Guru Pournima is an Indian Marathi language film directed by Girish Mohite and produced by Meghana Manoj Caculo. The film stars Sai Tamhankar, Upendra Limaye and Sulabha Arya. The film was released on 12 September 2014.

== Synopsis ==
Guru Pournima revolves around a love story of a creative director Guru and a struggling actress Pournima, who is ambitious and leaves her parents and family to pursue her acting career.

== Cast ==
- Sai Tamhankar double role as Pournima. aka Akanksha
- Upendra Limaye as Guru
- Sulabha Arya as Guru's mother
- Vidhita Kale
- Rajiv Hede
- Sushant

== Soundtrack==

Track listing
| No. | Title | Singer(s) | Length |
|---|---|---|---|
| 1. | "Aikavi Watate" | Swapnil Bandodkar, Bela Shende | 4:29 |
| 2. | "Visaruni Kshana" | Bela Shende | 4:27 |
| 3. | "Aikavi Watate (Male Version)" | Swapnil Bandodkar | 4:30 |
| 4. | "Aikavi Watate (Female Version)" | Bela Shende | 4:30 |
| 5. | "Kalla Masti On The Way" | Swaroop Bhalwankar, Sandip Ubale, Neha Rajpal, Savani Ravindra | 4:10 |
| Total length: |  |  | 21:26 |

==Critical response==
Guru Pournima received mixed reviews from critics.
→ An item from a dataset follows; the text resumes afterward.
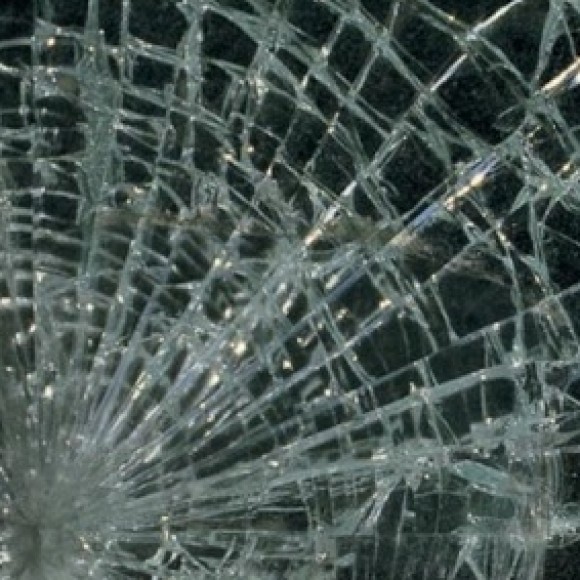 Profile photo of Steve silva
Mihir Bhanage of The Times of India rated the film 3 out of 5 stars and wrote "Girish Mohite’s tale is as closely knit as relations should be and in portraying the importance of those, he has come out with flying colours". Ganesh Matkari of Pune Mirror wrote "Everyone including Sulabha Arya, who plays Guru’s mother, has performed admirably. The film looks good and works well in parts. Still, it lacks the overall punch". Paloma Sharma of Rediff rated the film 3 out of 5 stars and wrote " It is an engaging, sensitive and not frills film that deserves at least one watch". Soumitra Pote of Maharashtra Times rated the film 2.5 out of 5 stars and wrote "Overall, it is true that the student has passed. But, there is no situation to beat the marks obtained". A reviewer from Loksatta wrote "The twists required in a love story do not come here. So, if the good acting of the actors is omitted, the film falls short in reaching the audience".